The first duty, referred to as the defense obligation, is generally held to be much broader than the duty to pay for liability. The duty to defend is often held to apply when there is just a potential for a claim that would be within the coverage of your insurance policy.
Many homeowners have ” homeowners’ insurance ” that protects them if someone is accidentally hurt in their homes. For businesses, a very common form of general business insurance is called commercial general liability (“CGL”). In California, as well as in many other states, a wide variety of claims have been held to impose on insurance companies a duty to pay for the defense of their policyholders under both homeowners’ and CGL insurance policies.

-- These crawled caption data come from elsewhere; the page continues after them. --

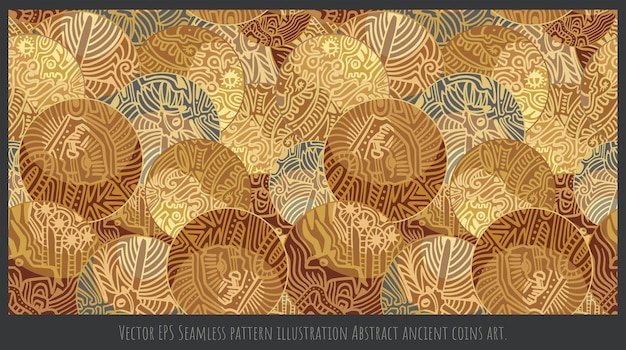 Векторная EPS Бесшовная иллюстрация рисунка Абстрактное искусство древних монет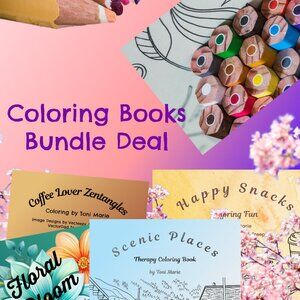 Bundle of 4 Coloring Books (100 Images)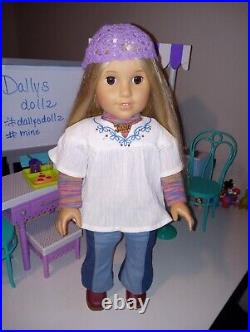 American Girl 18 inch Julie Doll In Pristine Condition With Hat & Necklace & Boots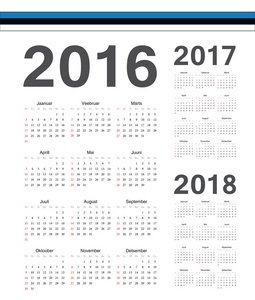 组的爱沙尼亚语到 2016 年，到 2017 年，2018 年矢量日历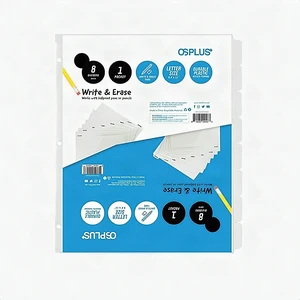 OS Plus 8-Tab Write & Erase Binder Dividers White Plastic 3-Ring 1 Set New OS Plus 8-Tab Write & Erase Binder Dividers White Plastic 3-Ring 1 Set New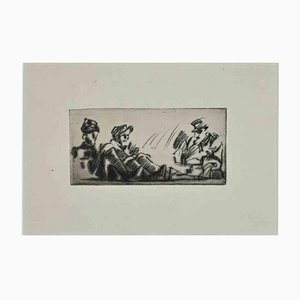 Anselmo Bucci, Soldiers at the Front, Original Etching, 1917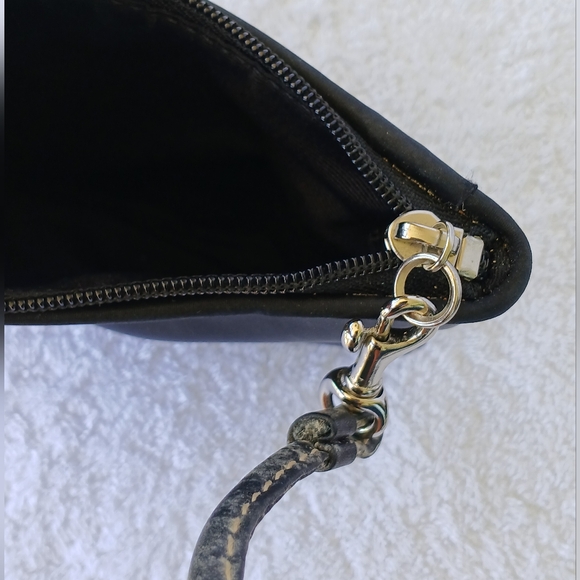 Coach Black Wristlet with Blue Trim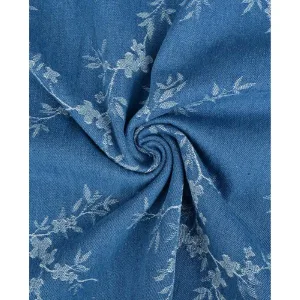 Denim spijkerstof bloementak blauw met witte takprint.
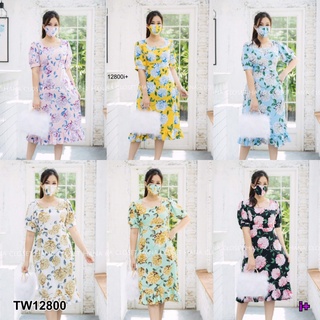 MM12800 เดรส #สาวอวบ คอเหลี่ยมผูกโบว์หลัง+แมส ลายดอก Dress #chubby girl, square neck, bow back + mis, floral pattern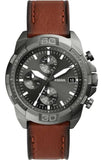 Fossil Bronson Chronograph Grey Dial Brown Leather Strap Watch for Men - FS5855 Buy Now By Fossil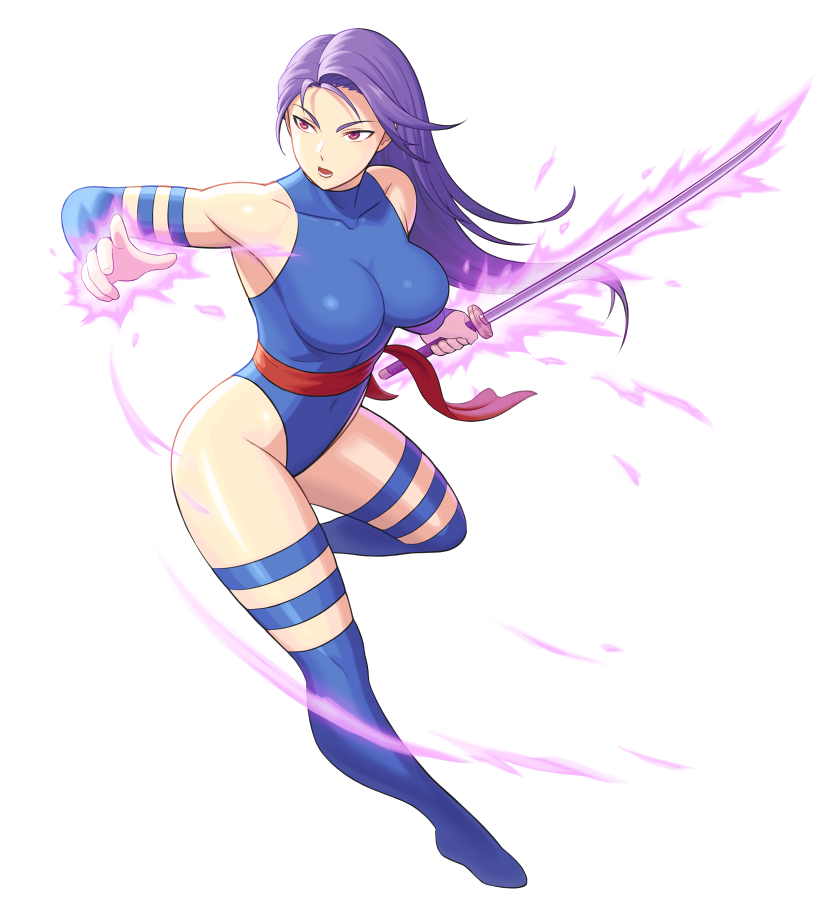 1girl blue_leotard boots breasts bridal_gauntlets elbow_gloves energy_blade gloves highleg highleg_leotard katana large_breasts leotard lipstick long_hair makeup marvel noppo_(tarstation) psylocke purple_eyes sash simple_background standing standing_on_one_leg sword weapon white_background x-men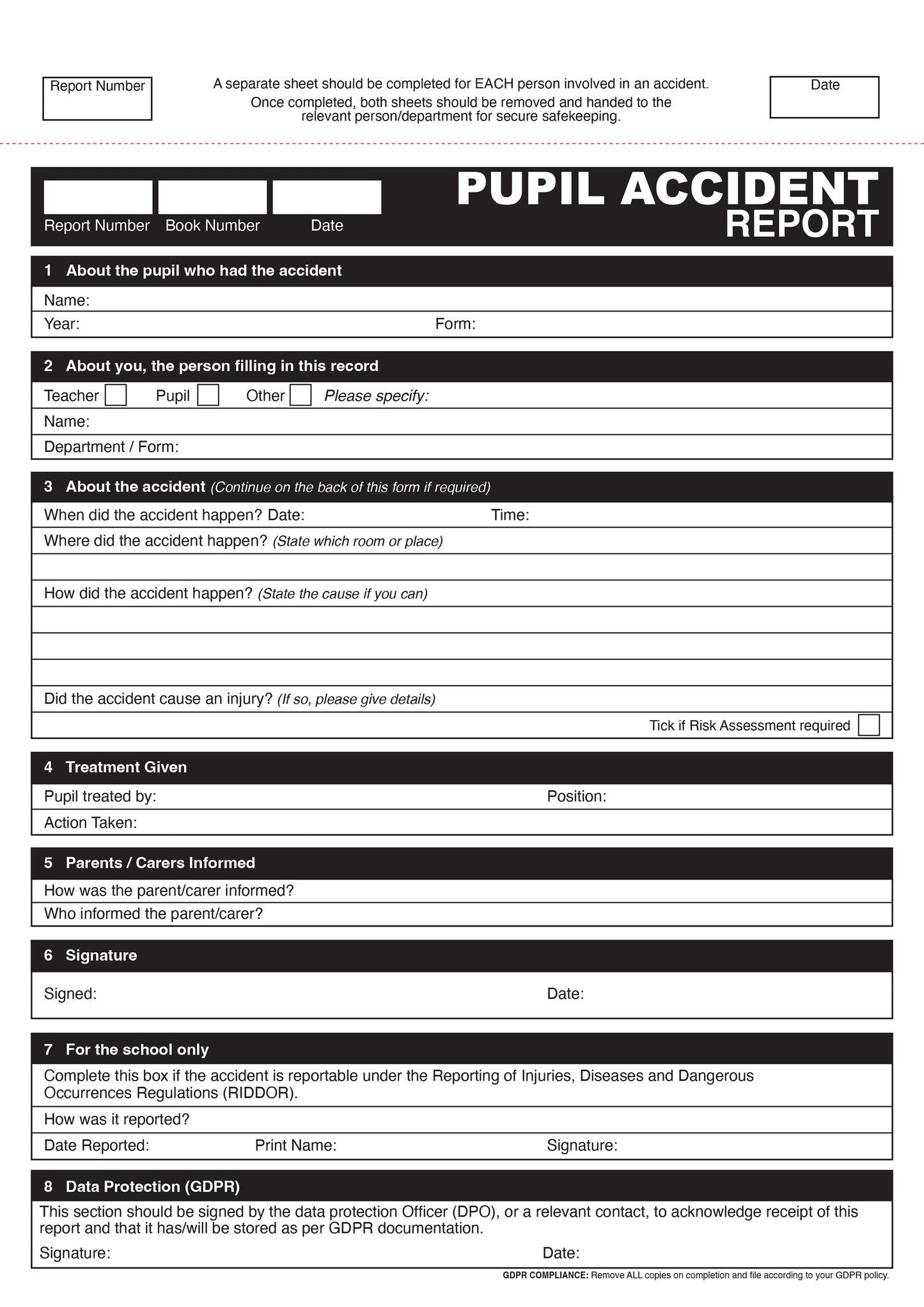 NCR GDPR Pupil Accident Report Duplicate Book A4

Insurance policies are contracts. When people have questions about their rights under contracts, such as leases and purchase agreements, they often go to lawyers. Questions about an insurance policy should be no different. As a policyholder, you have certain rights and obligations. Those rights and obligations may not always be entirely clear. It is often beneficial to discuss your rights and duties with a lawyer before addressing issues with the other party to a contract.
The law provides an attorney-client privilege so that the client can freely discuss with the attorney all of the underlying facts, and receive the benefit of the attorney’s advice as to how to best preserve the client’s rights. Those communications are usually confidential and protected against disclosure to other parties. This allows the party to assemble and present the facts in a manner best suited to preserving his or her rights.

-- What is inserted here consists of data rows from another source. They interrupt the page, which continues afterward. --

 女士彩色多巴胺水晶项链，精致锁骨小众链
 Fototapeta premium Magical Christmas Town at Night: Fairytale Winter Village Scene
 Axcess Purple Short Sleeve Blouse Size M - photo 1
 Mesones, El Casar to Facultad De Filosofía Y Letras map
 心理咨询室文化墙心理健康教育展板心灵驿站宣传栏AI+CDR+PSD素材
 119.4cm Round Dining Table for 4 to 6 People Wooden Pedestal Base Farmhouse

It should be no surprise that insurance companies use lawyers. They are among the largest employers of lawyers in the U.S. When they have questions concerning their rights and obligations under insurance policies, they usually huddle with their lawyers, knowing that their communications are protected by the attorney-client privilege.
Insurance companies make good use of their ability to converse in privacy with their lawyers, to best protect their own interests under the insurance policy. To protect against unpleasant surprises, and to protect your rights in the insurance policy you purchased, it is best to obtain the advice of a lawyer as early as possible in the process of deciding whether and how to make a claim.